Additionally, says Kuchel’s colleague, Dr. Patrick Coll, “It’s important for older men to be socially engaged beyond their wife’s network of contacts. Men whose partners die before them can be socially isolated and this can lead to psychological and physical concerns.”
Go to the doctor!
“Men are far less likely than women to see a doctor between the ages of 22 to 50 years old and therefore do not get screening tests such as blood pressure, blood sugar and serum lipids,” says Dr. William White, chief of the Calhoun Cardiology Center’s Division of Hypertension and Clinical Pharmacology. “Hence those men are ‘operating in the dark’ with regard to knowing their cardiovascular risk factors and hence do not practice ‘preventive cardiology.’”
Dr. Rebecca Andrews, UConn Health primary care physician, says, “You are born with your genetics so you need to modify life to account for that. Screening is prevention, healthy diet and healthy living is prevention, and stress is more detrimental than you think.”
And of course, slim down!
“Most patients ‘know’ they have to lose weight, and that weight loss would benefit them in innumerable ways, but very few are able to achieve long term success,” says Dr. Thomas Manger, UConn Health primary care physician. “I think critical to that issue is regular daily activity, and of course limiting caloric intake.”
The American adult obesity rate has more than doubled since the early 1960s. Today nearly three in four American men are either overweight or obese.
“One thing I wish all my patients really understood was impact of modest exercise and weight reduction on their overall health,” Manger says. “Benefits include less fatigue, better sleep, less stress, better sex and increased libido, not to mention the known cardiovascular and metabolic benefits.”
Brad Biskup, a physician assistant who runs the Calhoun Cardiology Center’s Lifestyle Medicine Program, offers two simple concepts:
“First, increase the activities that are good for us, such as standing, walking, taking stairs, and decrease the activities that are bad for us, such as sitting. Second, increase the good foods, such as fruits/vegetables, and nuts, to help decrease the unhealthy foods, such as processed foods and high animal fats.”
Weight loss helps more than the heart
In addition to improving cholesterol and blood pressure and reducing the risk of type 2 diabetes, heart disease, stroke, kidney disease, and certain cancers, maintaining a healthy weight has been shown to help with cognitive function later in life.

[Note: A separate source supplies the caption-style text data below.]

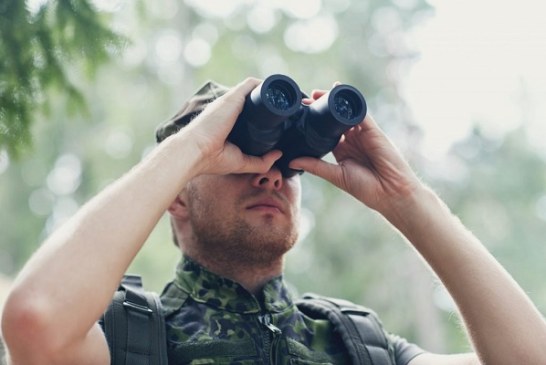 Observatorios Cinegéticos. Los cazadores se implican en la conservación de las especies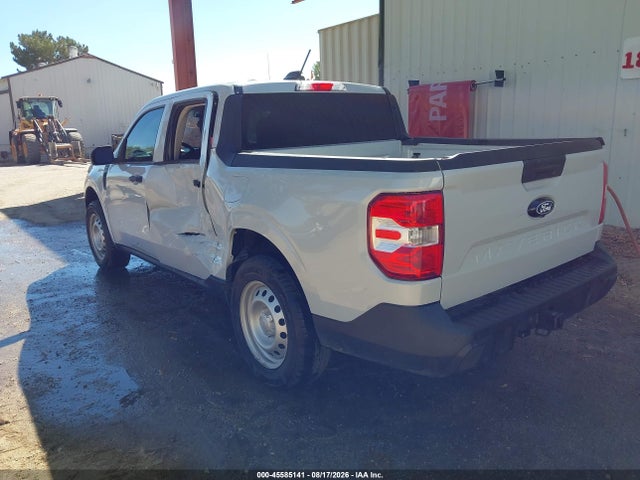 Ford Maverick Xl 2025 3FTTW8A37SRA90169 Image 3
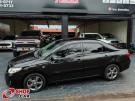 TOYOTA Corolla XEi 2.0 16v Preta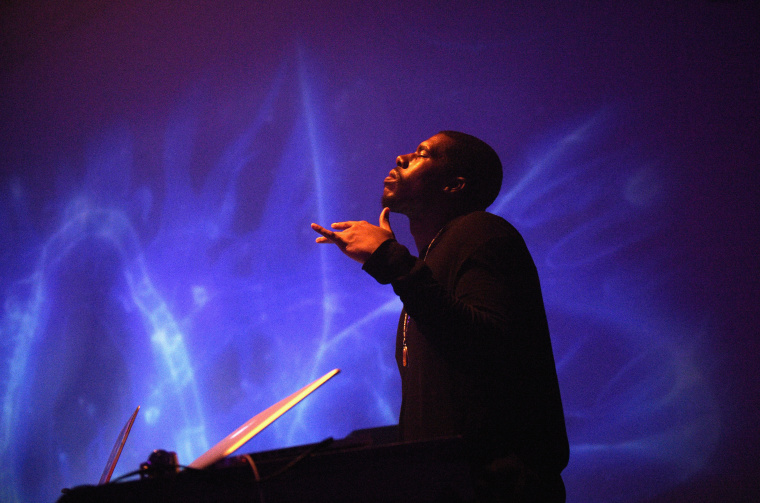 Flying Lotus Slams Non-Payment Of Producers: “Hella Rap Artists Are Rape Artists”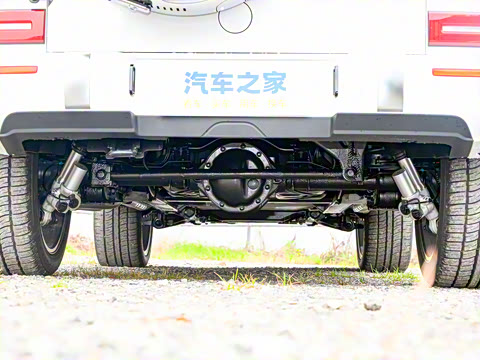 2023款 AMG G 63 2023款 AMG G 63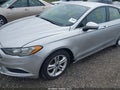Photo 6 of 16 — 2018 Ford Fusion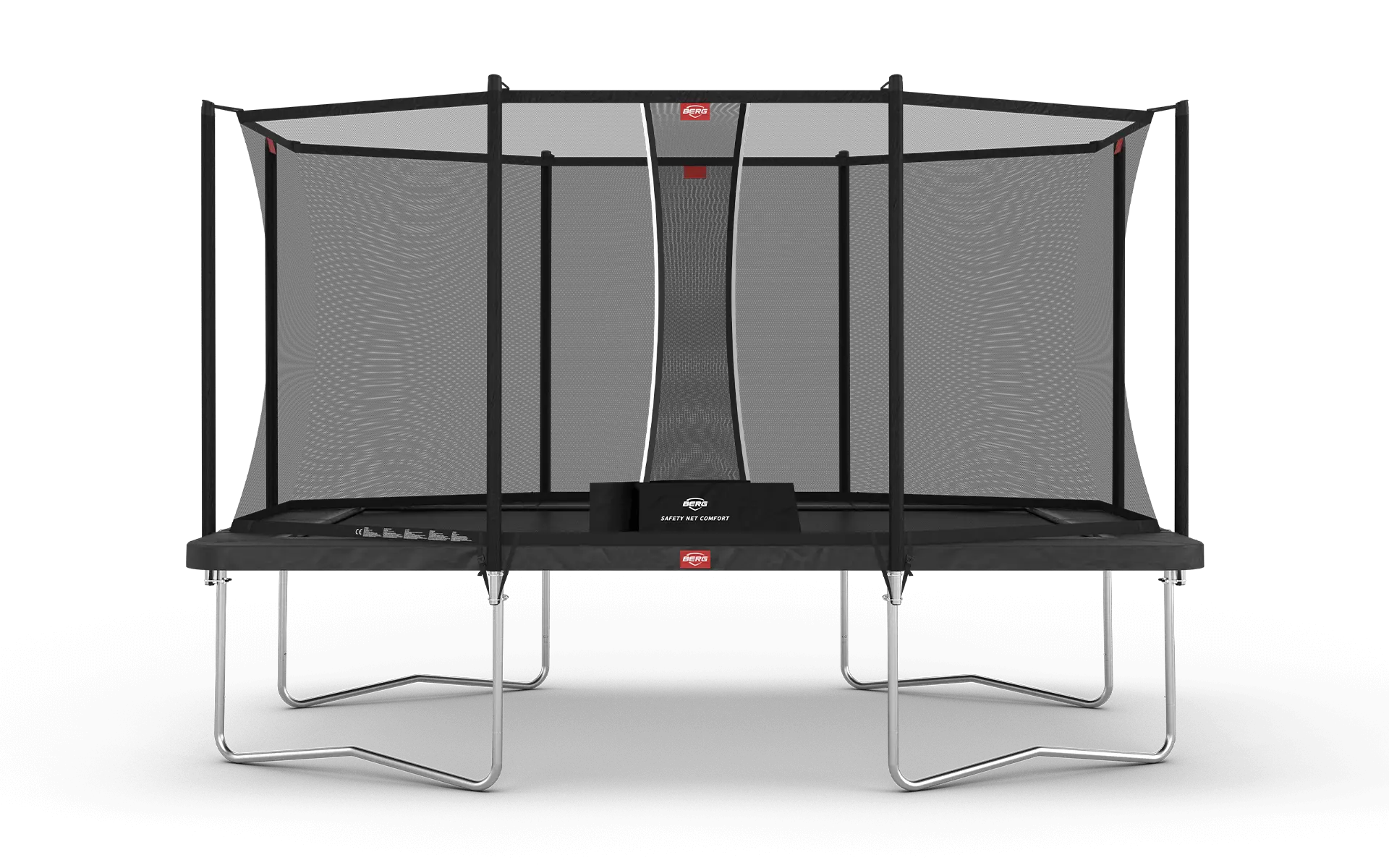 BERG Ultim Favorit Regular 410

“We like to say that heart health is brain health,” says Dr. Kristina Zdanys, UConn Health geriatric psychiatrist. “Maintaining a balanced diet, getting regular exercise, and staying socially connected are helpful for overall health.”
Additionally, shedding pounds takes stress off of the knees. Each pound of weight lost relieves about four pounds of pressure on the knees. Weight loss also has been shown to improve sleep apnea by reducing obstructions that can interrupt breathing during sleep.